Paylaş
Bir ülkeyi ayakta tutan güç olan devlet bölünmüş durumda...
“Kurumlar arasında çekişme yok” sözleri gerçeği yansıtmıyor.
Kurumların birbirine girmesi tehlikeli... Devlet organları arasında güven kalmazsa bu devlet nasıl yürür?
İktidar, saplandığı paranoyadan, içine düşen kuruntudan, ruhunu saran vesveseden kurtulmalıdır... Panik atak halindeki davranışlar ülkeyi geriyor, huzuru kaçırıyor. Bu gerilim ortamının kime faydası var ki?
* * *
Türkiye’de darbeler yaşandı ama bunlar sessizce ve bir gecede oldu. Böyle bol bol konuşulan, görüşülen, tartışılan, davul zurnalı darbe görüldü mü?
Ne dereceye kadar doğru olduğu bilinmeyen ve henüz yargı safhasında olan iddiaları bahane ederek ordu ile kavga etmek yanlıştır.
Askerin neden böylesine hoyratça yıpratıldığını anlamak zor... Yurdumuzu savunacak başka ordumuz yok ki...

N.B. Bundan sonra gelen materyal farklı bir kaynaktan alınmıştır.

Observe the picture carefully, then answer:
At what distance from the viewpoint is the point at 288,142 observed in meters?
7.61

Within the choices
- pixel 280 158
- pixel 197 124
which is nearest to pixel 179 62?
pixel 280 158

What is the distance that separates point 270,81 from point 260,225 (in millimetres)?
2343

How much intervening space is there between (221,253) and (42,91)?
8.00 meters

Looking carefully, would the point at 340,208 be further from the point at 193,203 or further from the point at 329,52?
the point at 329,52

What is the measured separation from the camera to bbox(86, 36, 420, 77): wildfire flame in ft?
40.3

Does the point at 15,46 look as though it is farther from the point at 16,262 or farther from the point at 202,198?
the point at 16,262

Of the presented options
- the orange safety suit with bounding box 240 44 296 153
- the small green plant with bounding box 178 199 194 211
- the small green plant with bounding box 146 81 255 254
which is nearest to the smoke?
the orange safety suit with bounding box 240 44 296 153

Türkiye, güçlü ordusu olmadığı vakit bir hiçtir. Bizi bu coğrafyada barındırmazlar! Bu gerçeği akıllardan çıkarmamak gerekir.

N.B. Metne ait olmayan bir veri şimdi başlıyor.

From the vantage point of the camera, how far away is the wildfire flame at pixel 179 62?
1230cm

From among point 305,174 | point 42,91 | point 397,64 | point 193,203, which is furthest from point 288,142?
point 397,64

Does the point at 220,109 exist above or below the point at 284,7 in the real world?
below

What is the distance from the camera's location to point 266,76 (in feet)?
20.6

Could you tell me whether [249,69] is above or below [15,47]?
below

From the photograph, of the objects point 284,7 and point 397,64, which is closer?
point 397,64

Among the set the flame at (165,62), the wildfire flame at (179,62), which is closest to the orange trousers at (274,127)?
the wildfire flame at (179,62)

Hiçbir iktidar görevde sonsuza kadar kalamaz! Böyle bir şey mümkün değildir. Bu iktidar da günün birinde düşeceğini bilmeli, ülkeyi daha fazla germemeli, faydalı işler yapıp iyi bir isim bırakmaya çalışmalıdır.
* * *
Artık ihtilaller devri bitmiştir. Çağımızın dünyasında darbeler kabul edilemez bir olaydır. Türk halkı iktidarı, oy sandığında değiştirmelidir. Bunu yapacaktır.
Ordu, geçmişte gerçekleştirdiği darbelerin faydasız olduğunu, hatta ülkeyi gerilere götürdüğünü gördü. Bu nedenle, tüm tahriklere rağmen sağduyulu davranmaya devam ediyor, demokrasiye sahip çıkıyor.
Ülke olarak laik demokratik cumhuriyeti yaşatmak zorundayız.
Laiklik, demokrasinin bir numaralı koşuludur. Laiklik olmadığı zaman ortada demokrasi memokrasi kalmaz. Laik olmayan toplumlarda demokrasinin geliştiği görülmemiştir
Türkiye, bir hukuk devleti olma niteliğini de asla yitirmemek zorundadır. Hukukun, adaletin olmadığı yerde uygarlık da olmaz.
Kışkırtmalara gelmemeli, artık birbirimizi düşman gibi görmemeliyiz.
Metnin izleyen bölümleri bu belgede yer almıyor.